[SUPPLIED INFORMATION Boundary: Start]

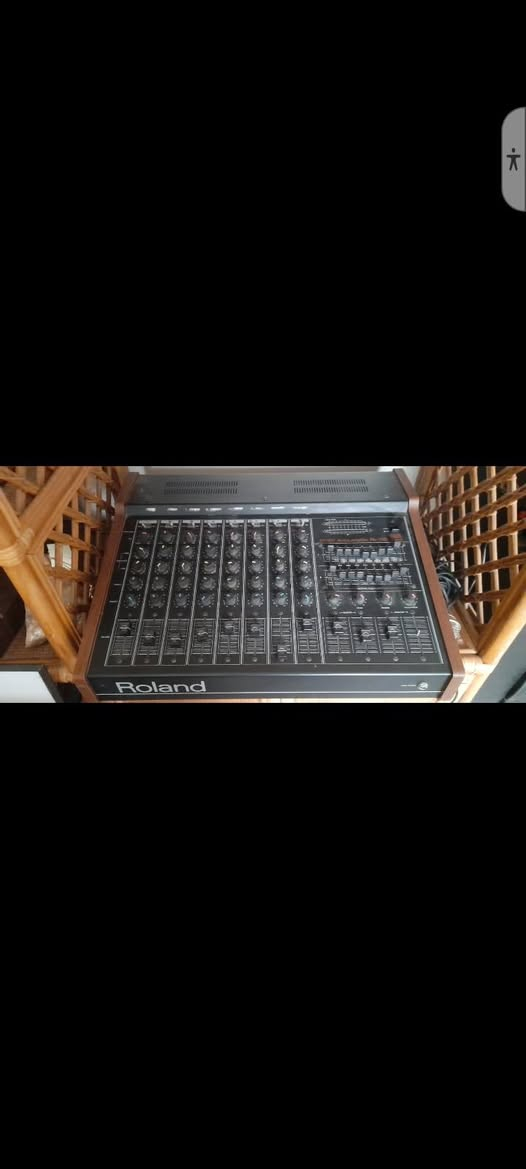 Roland systems


**إذا كنت صاحب هذا الإعلان وتريد حذفه لأي سبب، رجاءا أرسل رسالة إلى الدعم الفني**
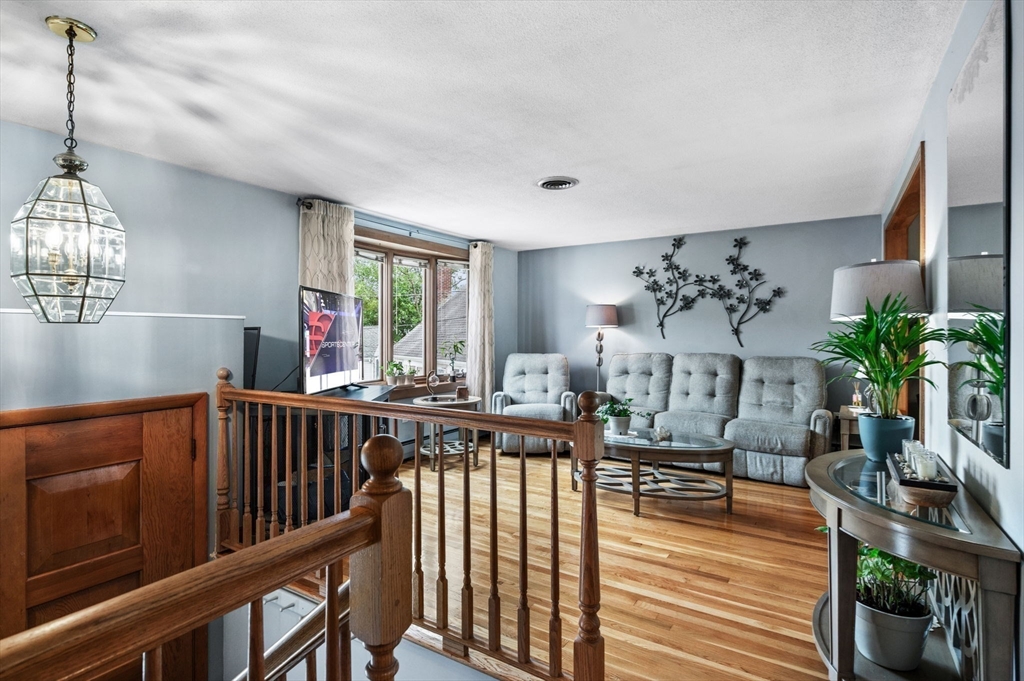 30 Lanark Road Malden, MA 02148 - Photo 10 of 40 a view of living room and window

[SUPPLIED INFORMATION Boundary: End]

__EXERCISE GOAL__
Reproduce everything above exactly, images excluded.

__OUTPUT FOR THIS EXERCISE__
 Roland systems


**إذا كنت صاحب هذا الإعلان وتريد حذفه لأي سبب، رجاءا أرسل رسالة إلى الدعم الفني**
 30 Lanark Road Malden, MA 02148 - Photo 10 of 40 a view of living room and window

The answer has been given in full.